MATERIAL TO PROCESS START

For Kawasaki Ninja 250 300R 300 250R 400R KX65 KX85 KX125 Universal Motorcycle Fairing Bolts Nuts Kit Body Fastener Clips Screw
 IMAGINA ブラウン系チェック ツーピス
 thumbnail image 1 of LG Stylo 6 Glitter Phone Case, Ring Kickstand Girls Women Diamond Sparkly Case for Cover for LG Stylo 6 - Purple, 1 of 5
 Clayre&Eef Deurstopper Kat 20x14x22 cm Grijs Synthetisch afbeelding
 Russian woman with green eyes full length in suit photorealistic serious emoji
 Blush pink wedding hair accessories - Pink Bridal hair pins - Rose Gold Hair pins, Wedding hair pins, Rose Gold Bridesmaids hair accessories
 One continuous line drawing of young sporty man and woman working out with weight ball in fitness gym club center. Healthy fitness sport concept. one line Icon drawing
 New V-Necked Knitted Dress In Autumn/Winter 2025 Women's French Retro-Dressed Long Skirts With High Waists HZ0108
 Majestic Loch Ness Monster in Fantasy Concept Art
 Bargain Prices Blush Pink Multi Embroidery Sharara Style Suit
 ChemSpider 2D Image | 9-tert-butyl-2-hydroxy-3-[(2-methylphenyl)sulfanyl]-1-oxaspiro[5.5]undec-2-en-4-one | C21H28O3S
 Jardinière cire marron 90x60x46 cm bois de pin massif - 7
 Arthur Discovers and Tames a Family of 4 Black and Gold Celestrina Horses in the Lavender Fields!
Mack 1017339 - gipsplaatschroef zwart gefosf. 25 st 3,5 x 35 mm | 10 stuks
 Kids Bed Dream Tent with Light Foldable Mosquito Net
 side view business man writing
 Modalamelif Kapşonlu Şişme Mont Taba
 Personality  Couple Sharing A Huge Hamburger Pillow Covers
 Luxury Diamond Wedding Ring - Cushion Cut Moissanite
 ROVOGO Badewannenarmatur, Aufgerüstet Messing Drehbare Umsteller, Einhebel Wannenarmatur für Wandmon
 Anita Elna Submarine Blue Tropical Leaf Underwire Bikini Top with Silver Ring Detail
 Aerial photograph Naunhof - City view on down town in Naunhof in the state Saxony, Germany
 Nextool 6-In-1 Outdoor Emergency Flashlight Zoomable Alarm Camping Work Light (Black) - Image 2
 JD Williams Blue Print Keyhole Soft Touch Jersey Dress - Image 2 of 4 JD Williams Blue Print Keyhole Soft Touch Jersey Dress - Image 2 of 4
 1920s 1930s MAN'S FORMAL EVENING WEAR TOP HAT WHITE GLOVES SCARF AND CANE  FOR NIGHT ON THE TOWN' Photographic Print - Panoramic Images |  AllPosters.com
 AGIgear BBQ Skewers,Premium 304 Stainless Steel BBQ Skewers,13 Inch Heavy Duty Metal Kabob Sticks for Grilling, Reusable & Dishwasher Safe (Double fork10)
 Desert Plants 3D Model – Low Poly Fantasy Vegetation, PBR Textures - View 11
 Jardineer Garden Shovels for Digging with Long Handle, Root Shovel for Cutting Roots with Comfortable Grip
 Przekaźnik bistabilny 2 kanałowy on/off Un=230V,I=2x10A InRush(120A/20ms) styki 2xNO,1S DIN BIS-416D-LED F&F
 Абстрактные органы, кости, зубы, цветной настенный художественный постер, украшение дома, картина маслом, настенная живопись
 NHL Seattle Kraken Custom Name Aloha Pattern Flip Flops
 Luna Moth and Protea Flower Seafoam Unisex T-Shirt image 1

MATERIAL TO PROCESS END

PROBLEM TO SOLVE
Wherever the line holding "Modalamelif Kapşonlu Şişme Mont Taba" falls in the entries above, copy exactly from it through the line holding "Nextool 6-In-1 Outdoor", inclusive, and add nothing.

RESULT FOR THIS TASK
 Modalamelif Kapşonlu Şişme Mont Taba
 Personality  Couple Sharing A Huge Hamburger Pillow Covers
 Luxury Diamond Wedding Ring - Cushion Cut Moissanite
 ROVOGO Badewannenarmatur, Aufgerüstet Messing Drehbare Umsteller, Einhebel Wannenarmatur für Wandmon
 Anita Elna Submarine Blue Tropical Leaf Underwire Bikini Top with Silver Ring Detail
 Aerial photograph Naunhof - City view on down town in Naunhof in the state Saxony, Germany
 Nextool 6-In-1 Outdoor Emergency Flashlight Zoomable Alarm Camping Work Light (Black) - Image 2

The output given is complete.